Only one stretch of the data below is wanted: the lines from the one with "Poupée actuelle Entrez" through the one with "Motorista morreu em", repeated exactly.

[Opening Given data section]

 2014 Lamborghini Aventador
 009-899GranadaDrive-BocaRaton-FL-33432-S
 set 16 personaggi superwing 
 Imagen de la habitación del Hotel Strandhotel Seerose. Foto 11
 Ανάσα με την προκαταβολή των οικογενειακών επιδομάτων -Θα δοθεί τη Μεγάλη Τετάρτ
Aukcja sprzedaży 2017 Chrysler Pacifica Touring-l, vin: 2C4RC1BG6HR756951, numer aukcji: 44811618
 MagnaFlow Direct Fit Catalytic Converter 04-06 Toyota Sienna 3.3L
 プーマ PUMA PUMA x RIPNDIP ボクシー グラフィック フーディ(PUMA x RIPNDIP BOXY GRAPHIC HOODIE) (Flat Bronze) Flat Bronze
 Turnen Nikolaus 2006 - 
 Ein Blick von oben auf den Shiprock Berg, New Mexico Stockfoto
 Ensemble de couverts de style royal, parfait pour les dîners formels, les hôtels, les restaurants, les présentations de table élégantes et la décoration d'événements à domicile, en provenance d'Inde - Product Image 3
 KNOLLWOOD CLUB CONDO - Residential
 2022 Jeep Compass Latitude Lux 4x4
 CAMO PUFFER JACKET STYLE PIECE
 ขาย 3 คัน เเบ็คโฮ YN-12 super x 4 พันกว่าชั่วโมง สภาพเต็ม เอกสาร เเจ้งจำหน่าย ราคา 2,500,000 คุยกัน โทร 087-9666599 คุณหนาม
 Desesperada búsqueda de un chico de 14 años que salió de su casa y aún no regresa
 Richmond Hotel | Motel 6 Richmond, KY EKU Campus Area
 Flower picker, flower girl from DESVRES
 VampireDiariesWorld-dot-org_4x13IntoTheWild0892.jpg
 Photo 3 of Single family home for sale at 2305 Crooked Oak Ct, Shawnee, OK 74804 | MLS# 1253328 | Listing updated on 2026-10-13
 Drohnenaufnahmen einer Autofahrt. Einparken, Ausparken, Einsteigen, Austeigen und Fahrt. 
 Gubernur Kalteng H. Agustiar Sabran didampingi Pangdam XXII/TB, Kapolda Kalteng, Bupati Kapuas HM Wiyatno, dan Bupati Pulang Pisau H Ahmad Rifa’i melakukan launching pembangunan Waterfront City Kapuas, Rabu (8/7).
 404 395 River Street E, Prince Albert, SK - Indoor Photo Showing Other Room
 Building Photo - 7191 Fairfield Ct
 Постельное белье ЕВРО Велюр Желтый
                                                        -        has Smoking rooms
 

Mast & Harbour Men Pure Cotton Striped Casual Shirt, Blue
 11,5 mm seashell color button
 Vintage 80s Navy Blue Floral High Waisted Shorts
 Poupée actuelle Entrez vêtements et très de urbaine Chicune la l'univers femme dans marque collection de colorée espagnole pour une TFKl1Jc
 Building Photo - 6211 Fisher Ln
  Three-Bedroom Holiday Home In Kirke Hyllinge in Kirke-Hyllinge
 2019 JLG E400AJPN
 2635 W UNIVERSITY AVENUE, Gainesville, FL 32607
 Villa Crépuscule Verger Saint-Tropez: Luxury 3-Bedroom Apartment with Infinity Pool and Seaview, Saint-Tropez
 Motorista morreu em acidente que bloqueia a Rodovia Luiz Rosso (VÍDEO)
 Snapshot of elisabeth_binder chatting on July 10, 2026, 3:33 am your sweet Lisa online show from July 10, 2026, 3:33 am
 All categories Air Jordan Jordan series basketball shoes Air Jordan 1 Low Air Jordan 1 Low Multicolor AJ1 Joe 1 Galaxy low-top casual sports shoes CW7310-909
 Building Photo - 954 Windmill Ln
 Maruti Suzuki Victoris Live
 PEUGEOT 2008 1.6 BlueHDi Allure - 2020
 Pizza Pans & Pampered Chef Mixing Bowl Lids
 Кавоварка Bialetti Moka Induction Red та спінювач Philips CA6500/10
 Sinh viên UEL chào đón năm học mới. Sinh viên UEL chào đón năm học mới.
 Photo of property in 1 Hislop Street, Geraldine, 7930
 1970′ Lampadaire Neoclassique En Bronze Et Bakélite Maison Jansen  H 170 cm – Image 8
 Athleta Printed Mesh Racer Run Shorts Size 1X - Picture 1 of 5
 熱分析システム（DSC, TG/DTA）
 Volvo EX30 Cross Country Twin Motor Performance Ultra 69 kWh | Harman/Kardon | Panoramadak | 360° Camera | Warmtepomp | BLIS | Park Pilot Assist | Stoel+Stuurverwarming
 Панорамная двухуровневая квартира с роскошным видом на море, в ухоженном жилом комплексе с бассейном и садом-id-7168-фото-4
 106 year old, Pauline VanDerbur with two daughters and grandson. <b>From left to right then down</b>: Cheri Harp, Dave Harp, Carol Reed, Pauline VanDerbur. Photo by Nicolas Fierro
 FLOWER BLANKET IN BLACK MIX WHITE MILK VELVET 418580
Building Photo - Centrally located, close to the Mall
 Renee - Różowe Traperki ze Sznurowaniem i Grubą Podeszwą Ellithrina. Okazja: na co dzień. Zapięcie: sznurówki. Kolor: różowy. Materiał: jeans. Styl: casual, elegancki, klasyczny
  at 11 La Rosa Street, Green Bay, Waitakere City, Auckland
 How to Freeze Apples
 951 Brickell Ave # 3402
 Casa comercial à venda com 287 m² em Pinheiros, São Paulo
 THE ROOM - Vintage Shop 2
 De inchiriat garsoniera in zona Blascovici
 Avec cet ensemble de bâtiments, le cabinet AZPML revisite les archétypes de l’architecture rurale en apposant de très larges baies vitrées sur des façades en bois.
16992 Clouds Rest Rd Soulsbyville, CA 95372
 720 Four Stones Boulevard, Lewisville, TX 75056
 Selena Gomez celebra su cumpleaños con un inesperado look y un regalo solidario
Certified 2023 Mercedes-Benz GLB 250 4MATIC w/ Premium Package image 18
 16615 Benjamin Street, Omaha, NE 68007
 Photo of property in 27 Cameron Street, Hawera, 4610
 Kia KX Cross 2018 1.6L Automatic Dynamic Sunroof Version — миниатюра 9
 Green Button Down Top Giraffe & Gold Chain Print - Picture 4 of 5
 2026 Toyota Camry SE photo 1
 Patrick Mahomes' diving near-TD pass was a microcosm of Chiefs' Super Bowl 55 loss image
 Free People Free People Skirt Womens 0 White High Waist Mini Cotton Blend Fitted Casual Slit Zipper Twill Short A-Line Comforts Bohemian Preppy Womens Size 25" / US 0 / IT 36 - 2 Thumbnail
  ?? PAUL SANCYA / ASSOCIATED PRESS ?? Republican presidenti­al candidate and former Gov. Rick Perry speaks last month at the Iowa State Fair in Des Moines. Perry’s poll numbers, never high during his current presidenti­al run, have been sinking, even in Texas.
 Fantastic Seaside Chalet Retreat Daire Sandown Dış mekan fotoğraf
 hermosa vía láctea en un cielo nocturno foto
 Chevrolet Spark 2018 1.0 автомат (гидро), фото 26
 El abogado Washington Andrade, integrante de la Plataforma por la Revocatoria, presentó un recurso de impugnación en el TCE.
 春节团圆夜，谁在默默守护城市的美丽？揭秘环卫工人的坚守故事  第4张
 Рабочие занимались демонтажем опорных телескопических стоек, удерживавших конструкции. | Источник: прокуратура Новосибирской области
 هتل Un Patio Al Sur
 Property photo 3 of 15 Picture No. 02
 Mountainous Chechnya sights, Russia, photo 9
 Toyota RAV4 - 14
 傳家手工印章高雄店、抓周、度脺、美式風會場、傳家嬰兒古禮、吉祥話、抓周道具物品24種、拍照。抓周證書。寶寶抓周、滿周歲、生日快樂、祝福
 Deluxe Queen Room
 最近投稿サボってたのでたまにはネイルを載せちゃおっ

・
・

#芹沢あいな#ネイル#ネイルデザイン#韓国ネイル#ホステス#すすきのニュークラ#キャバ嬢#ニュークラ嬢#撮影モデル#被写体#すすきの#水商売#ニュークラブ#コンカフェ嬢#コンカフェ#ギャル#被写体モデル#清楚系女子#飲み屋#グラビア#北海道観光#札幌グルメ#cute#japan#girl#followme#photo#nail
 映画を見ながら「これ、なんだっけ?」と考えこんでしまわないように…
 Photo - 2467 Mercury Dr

[Closing Given data section]

▶ [Expected answer]
 Poupée actuelle Entrez vêtements et très de urbaine Chicune la l'univers femme dans marque collection de colorée espagnole pour une TFKl1Jc
 Building Photo - 6211 Fisher Ln
  Three-Bedroom Holiday Home In Kirke Hyllinge in Kirke-Hyllinge
 2019 JLG E400AJPN
 2635 W UNIVERSITY AVENUE, Gainesville, FL 32607
 Villa Crépuscule Verger Saint-Tropez: Luxury 3-Bedroom Apartment with Infinity Pool and Seaview, Saint-Tropez
 Motorista morreu em acidente que bloqueia a Rodovia Luiz Rosso (VÍDEO)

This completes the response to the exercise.